I couldn’t let another year go past without passing on some thoughts about Neurofibromatosis (NF).
The first piece of information you should beware of is that May is NF awareness month. So I am using two forms of media to pass on NF awareness, one through my Facebook messages and then through this post. In May of 2007 I wrote a commentary for my school news paper about NF. I will post the link to the article at end of this post.
When I was two years old I was diagnosis with NF. Throughout my childhood I was treated like any normal child, expect I wore a leg brace. Because my right leg is curved like a bow and arrow and if I were to break my leg it would have to be removed. Once a year I went for check-ups for my NF. There were years that I saw 7 doctors in one day! I typically saw a geneticist, neurologist, psychologist and some others that I know I am forgetting.
I was once told in my pre-teens years that I was stupid by a psychologist and that I wouldn’t go to college all because I did poorly on a test that she gave me. But I was also very sick that day with the flu when I took that test. But in December 2009 I proved her wrong, when I graduate from college.

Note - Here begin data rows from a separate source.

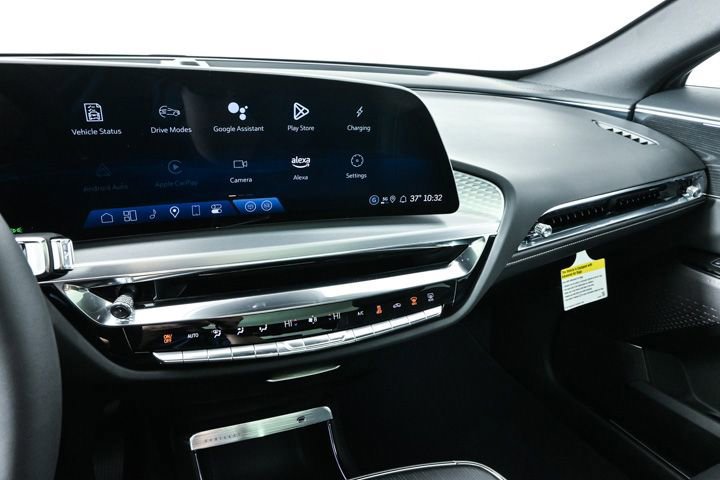 New 2025 Cadillac Lyriq Luxury image 13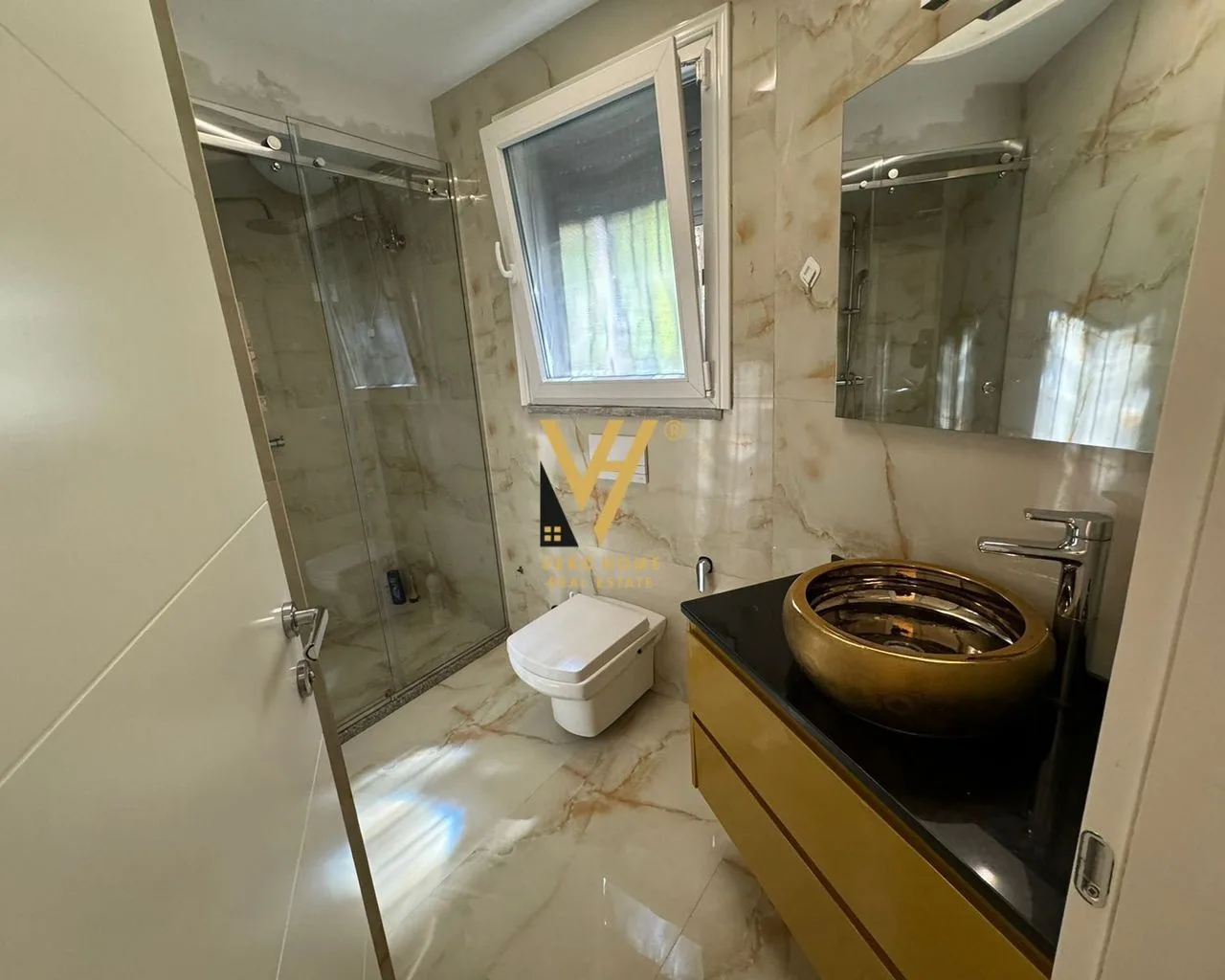 JEPET APARTAMENT 2+1+BLK ME QIRA TE LIQENI THATE 800 EURO 4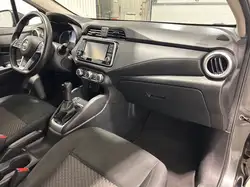 Nissan Versa снимка Nissan Versa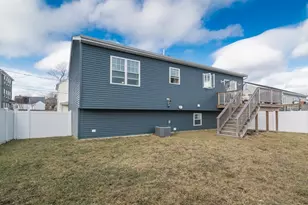 388 Manchester St, Fall River, MA 02721 - Photo 28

I may have a learning difference but that didn’t stop me. I just had to learn to a different way to study.
When I was a teenager I was told that when I choose to have children there would be a 50% chance of me having a child with NF and my NF worsening during the pregnancy. A chance I am willing to take because I know that it is in the Lord’s hands. (When this happens I plan to write a blog about it.
I wore a brace until I was in the 5th grade. Now I know longer wear the brace and I think that my leg looks stronger and perhaps a little bit straighter.
I have two friends that have NF.
I have gone to an NF camp with my family before to be with other families with NF!
Neurofibromatosis affects many people and everyone is affected differently. There is no cure, but hopefully one day there will be.